The most striking recent examples of the assertion of proprietary rights of the United States, illustrating the magnitude of the interests that may be involved, were the much-disputed tidelands cases. Compare the motion of the United States for leave to intervene in Nebraska v. Wyoming, 304 U.S. 545 (58 S.Ct. 1035, 82 L.Ed. 1519) (1938). See Comment, Federal Ownership of Inland Waters: The Fallbrook Case, 31 Tex.L.Rev. 404 (1953). See also the cases growing out of the oil scandals of the Harding administration. Pan American Petroleum & Transport Co. v. United States, 273 U.S. 456 (47 S.Ct. 416, 71 L.Ed. 734) (1927); Mammoth Oil Co. v.

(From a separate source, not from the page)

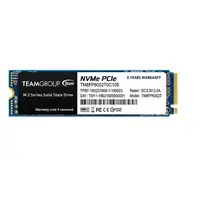 Team Group MP33 2 TB M.2 PCI Express 3.0 NVMe 3D NAND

United States, 275 U.S. 13 (48 S.Ct. 1, 72 L.Ed. 137) (1927).

Closely related to the proprietary cases are those in which the United States has established its status as guardian of the Indian tribes and its standing in litigation to vindicate Indian rights. See, e.g., Heckman v. United States, 224 U.S. 413 (32 S.Ct. 424, 56 L.Ed. 820) (1912); United States v. Board of Comm'rs of Osage County, 251 U.S. 128 (40 S.Ct. 100, 64 L.Ed. 184) (1919); Cummings & McFarland, Federal Justice 250-317, 384-413 (1937).

H. M. Hart & H. Wechsler, The Federal Courts and The Federal System (2d ed. 1973), at 1302.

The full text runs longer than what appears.